Reed--Muller (RM) codes, a classical family of codes known for their elegant algebraic structure, have recently been shown to achieve capacity under maximum-likelihood (ML) decoding on the binary erasure channel and this has rekindled interest in their efficient decoding. We consider the code family RM(m-3,m) and develop a new ML decoder, for transmission over the binary symmetric channel, that exploits their large symmetry group. The new decoder has complexity O(m^3), which is lower than an earlier method introduced by Seroussi and Lempel in 1983.
Bio: Andrew Thangaraj received his B.Tech in Electrical Engineering from the Indian Institute of Technology (IIT), Madras, India in 1998 and a PhD in Electrical Engineering from the Georgia Institute of Technology, Atlanta, USA in 2003. He was a post-doctoral researcher at the GTL-CNRS Telecom lab at Georgia Tech Lorraine, Metz, France from August 2003 to May 2004. From June 2004, he has been with the Department of Electrical Engineering, IIT Madras, where he is currently a professor.
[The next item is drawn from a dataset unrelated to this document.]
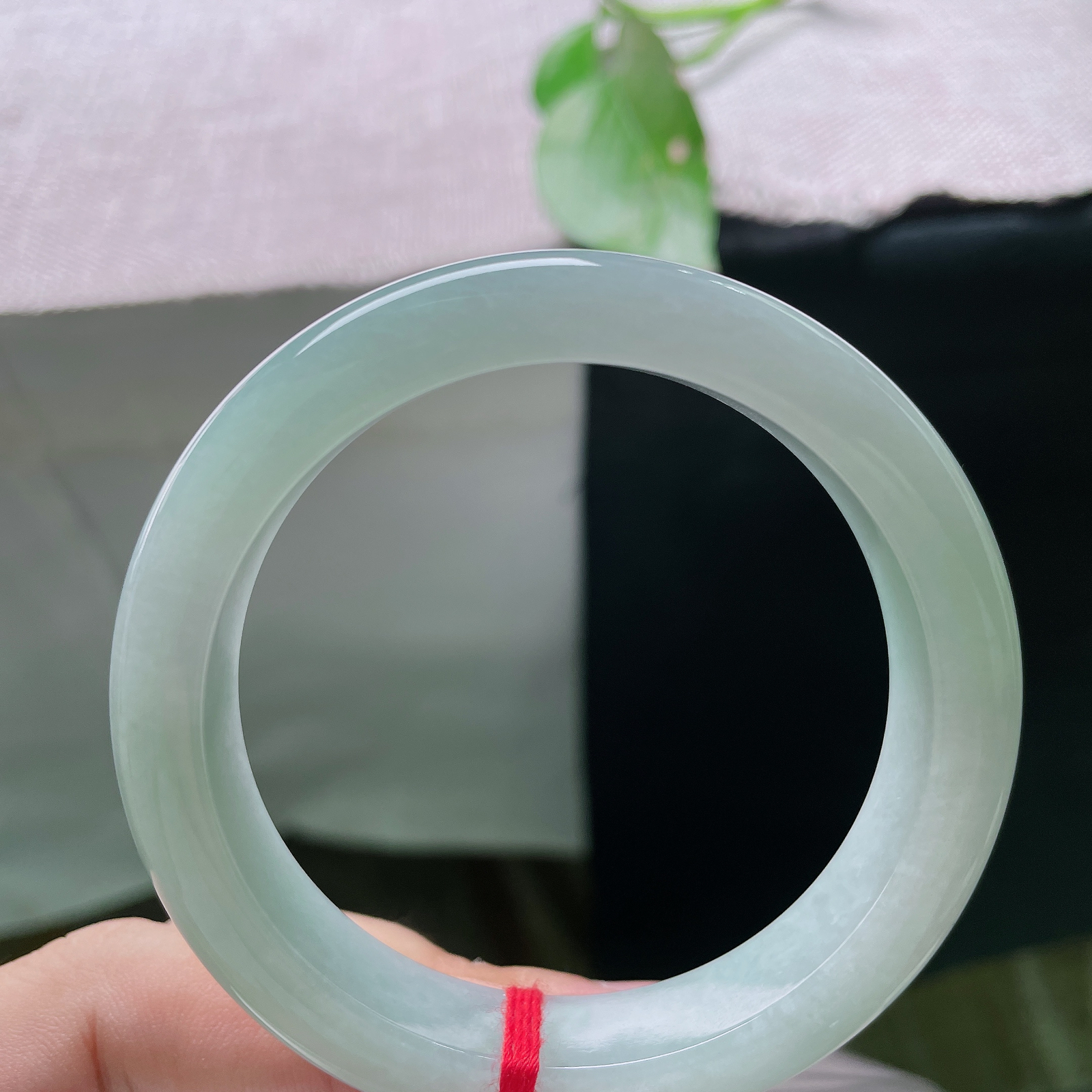 55.2/12.1/8.6，蓝底正圈，喜欢低调玉镯的看过来，柔和满绿底色，细腻油润，素颜佩戴超有氛围，完美，ss56385a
From Jan 2012 to Jan 2018, he served as Editor for the IEEE Transactions on Communications.
Since July 2018, he has been serving as an Associate Editor for Coding Techniques for the IEEE Transactions on Information Theory. Since Oct 2011, he has been serving as NPTEL coordinator at IIT Madras. He has played a key role in initiating and running NPTEL online courses and certification. He is currently a National MOOCs Coordinator for NPTEL in the SWAYAM project of the MHRD.